> Description of the task: Where the listing below reaches the line containing "TIRTIR SOS Serum 50ml - Sando Skin", start writing out lines exactly, and stop once the line containing "Human HDGFRP2 Protein" has been written.
----- Exercise input
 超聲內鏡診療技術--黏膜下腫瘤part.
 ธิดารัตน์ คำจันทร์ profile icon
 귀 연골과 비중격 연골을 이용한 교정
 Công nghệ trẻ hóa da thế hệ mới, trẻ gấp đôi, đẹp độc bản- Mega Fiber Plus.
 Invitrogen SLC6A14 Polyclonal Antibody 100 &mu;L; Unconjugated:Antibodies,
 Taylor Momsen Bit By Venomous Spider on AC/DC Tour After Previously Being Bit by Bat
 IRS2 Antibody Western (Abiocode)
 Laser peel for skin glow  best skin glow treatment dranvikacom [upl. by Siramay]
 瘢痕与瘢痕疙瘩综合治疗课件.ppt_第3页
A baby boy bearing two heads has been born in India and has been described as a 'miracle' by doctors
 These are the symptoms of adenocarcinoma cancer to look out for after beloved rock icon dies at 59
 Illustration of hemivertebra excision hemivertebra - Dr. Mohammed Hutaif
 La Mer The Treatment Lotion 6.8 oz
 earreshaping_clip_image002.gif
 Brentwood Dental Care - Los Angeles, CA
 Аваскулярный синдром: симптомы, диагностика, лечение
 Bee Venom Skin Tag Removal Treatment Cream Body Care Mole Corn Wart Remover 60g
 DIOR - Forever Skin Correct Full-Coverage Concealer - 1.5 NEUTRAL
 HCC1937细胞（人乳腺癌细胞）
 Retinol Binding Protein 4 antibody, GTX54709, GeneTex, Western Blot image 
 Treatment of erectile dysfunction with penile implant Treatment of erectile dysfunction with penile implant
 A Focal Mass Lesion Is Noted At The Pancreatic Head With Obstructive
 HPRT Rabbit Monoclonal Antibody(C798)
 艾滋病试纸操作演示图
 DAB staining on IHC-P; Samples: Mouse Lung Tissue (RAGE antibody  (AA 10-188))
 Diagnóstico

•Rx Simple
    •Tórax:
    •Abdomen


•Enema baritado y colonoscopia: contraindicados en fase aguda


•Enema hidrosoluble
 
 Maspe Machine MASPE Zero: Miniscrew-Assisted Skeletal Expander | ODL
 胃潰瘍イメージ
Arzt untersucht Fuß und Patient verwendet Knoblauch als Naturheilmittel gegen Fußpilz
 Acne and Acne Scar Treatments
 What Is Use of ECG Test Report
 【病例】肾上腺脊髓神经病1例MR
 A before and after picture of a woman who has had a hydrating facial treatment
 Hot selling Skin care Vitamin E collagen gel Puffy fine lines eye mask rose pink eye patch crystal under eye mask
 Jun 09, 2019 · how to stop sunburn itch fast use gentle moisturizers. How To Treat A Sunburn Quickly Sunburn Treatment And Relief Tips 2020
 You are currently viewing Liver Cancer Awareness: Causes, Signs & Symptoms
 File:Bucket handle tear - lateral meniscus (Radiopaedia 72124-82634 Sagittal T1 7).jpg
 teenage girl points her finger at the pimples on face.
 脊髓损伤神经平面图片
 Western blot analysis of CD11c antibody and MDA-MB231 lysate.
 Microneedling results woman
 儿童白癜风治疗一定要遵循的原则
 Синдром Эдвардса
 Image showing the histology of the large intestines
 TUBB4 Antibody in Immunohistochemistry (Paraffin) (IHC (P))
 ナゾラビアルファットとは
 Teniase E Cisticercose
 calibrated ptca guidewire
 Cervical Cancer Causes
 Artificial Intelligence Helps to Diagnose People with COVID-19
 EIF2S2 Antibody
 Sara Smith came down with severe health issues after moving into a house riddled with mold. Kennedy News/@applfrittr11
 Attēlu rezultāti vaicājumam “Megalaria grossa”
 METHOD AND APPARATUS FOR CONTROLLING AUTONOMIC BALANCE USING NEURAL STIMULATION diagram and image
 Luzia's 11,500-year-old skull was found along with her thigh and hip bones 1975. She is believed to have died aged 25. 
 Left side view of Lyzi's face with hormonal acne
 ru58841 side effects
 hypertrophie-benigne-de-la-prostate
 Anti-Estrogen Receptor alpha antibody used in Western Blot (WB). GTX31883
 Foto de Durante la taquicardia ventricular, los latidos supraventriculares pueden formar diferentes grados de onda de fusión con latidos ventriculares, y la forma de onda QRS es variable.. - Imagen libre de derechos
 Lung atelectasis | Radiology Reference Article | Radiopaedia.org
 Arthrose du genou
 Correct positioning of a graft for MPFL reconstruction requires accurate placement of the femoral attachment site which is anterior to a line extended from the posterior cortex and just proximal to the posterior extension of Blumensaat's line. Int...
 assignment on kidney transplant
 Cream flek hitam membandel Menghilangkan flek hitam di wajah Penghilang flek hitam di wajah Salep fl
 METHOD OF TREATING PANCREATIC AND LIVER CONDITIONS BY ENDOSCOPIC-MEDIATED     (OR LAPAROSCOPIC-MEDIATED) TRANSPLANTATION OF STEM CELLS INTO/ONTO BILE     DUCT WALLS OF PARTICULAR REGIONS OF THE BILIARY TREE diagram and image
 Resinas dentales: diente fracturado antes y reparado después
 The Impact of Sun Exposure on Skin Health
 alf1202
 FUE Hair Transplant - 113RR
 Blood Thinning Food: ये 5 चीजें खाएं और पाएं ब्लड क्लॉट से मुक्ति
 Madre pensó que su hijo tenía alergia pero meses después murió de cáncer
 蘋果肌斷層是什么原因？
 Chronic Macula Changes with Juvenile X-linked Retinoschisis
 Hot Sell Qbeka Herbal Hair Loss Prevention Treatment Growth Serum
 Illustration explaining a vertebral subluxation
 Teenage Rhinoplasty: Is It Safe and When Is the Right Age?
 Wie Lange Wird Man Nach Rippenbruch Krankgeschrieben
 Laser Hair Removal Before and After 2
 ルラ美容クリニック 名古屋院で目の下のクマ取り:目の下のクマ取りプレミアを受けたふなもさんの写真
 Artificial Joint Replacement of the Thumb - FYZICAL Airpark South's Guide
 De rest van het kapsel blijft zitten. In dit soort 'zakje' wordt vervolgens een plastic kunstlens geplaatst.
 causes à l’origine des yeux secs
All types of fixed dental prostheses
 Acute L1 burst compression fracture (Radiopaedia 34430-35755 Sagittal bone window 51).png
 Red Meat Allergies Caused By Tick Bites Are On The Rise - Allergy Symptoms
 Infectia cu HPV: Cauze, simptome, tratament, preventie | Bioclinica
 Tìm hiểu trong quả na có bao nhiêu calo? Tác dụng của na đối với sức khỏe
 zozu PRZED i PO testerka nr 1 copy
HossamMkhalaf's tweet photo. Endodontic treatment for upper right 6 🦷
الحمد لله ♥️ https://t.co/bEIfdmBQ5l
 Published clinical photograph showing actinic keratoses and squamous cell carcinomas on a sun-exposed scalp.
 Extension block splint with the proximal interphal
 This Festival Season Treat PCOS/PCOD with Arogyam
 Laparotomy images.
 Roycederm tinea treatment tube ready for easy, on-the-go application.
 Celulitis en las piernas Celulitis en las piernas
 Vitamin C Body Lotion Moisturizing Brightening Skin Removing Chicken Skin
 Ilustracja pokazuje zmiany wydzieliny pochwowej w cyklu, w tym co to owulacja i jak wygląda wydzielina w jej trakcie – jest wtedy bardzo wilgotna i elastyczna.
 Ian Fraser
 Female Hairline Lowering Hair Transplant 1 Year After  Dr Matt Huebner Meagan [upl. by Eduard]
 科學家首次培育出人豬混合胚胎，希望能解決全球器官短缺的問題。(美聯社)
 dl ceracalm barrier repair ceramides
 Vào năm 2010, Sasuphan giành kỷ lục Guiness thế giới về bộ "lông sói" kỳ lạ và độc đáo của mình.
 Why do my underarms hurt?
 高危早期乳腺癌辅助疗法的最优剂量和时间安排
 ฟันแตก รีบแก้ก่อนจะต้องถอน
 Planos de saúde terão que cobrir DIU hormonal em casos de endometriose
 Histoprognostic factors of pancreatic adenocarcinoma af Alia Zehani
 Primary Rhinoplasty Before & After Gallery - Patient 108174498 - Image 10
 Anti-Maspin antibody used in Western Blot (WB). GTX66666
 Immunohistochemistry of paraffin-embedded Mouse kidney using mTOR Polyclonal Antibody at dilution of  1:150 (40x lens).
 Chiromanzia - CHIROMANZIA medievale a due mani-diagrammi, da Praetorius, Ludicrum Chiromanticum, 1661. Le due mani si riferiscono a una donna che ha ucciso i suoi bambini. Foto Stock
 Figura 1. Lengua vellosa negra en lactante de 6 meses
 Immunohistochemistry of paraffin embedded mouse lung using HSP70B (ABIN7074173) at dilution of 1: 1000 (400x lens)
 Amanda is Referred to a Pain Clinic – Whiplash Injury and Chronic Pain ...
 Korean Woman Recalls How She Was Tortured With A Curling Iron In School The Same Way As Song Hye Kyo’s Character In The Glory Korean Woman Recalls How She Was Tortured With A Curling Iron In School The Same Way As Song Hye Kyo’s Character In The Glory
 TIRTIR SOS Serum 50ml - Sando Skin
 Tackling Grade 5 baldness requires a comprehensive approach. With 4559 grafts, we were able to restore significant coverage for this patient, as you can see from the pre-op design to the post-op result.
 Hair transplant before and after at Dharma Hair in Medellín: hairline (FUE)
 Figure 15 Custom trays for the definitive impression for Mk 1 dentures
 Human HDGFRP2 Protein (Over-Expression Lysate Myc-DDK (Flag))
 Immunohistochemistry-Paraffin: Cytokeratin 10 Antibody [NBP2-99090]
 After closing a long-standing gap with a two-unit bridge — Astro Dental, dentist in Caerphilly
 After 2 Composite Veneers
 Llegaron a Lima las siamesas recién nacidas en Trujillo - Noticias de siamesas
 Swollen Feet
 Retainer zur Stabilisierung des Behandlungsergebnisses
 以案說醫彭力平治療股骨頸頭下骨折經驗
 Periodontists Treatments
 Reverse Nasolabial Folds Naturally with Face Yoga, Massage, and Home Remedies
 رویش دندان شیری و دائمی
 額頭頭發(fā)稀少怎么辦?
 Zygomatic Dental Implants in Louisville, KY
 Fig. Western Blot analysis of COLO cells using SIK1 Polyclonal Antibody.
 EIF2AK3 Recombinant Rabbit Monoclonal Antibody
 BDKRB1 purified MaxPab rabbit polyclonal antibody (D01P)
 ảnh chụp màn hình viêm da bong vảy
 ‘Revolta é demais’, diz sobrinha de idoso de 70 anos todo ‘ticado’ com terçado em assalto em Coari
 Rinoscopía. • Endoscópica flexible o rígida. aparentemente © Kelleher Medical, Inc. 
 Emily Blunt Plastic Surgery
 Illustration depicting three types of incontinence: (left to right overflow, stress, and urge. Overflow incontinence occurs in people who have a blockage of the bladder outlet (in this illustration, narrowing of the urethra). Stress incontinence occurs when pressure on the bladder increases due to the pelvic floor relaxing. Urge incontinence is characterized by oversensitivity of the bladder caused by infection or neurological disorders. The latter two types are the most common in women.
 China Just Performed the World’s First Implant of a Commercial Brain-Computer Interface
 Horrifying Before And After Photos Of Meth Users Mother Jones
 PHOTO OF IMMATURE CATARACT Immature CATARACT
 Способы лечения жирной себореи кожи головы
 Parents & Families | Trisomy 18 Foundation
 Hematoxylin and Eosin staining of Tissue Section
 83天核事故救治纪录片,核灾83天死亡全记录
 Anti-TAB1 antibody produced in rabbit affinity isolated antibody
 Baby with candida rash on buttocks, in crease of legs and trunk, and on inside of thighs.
----------
> Task answer:
 TIRTIR SOS Serum 50ml - Sando Skin
 Tackling Grade 5 baldness requires a comprehensive approach. With 4559 grafts, we were able to restore significant coverage for this patient, as you can see from the pre-op design to the post-op result.
 Hair transplant before and after at Dharma Hair in Medellín: hairline (FUE)
 Figure 15 Custom trays for the definitive impression for Mk 1 dentures
 Human HDGFRP2 Protein (Over-Expression Lysate Myc-DDK (Flag))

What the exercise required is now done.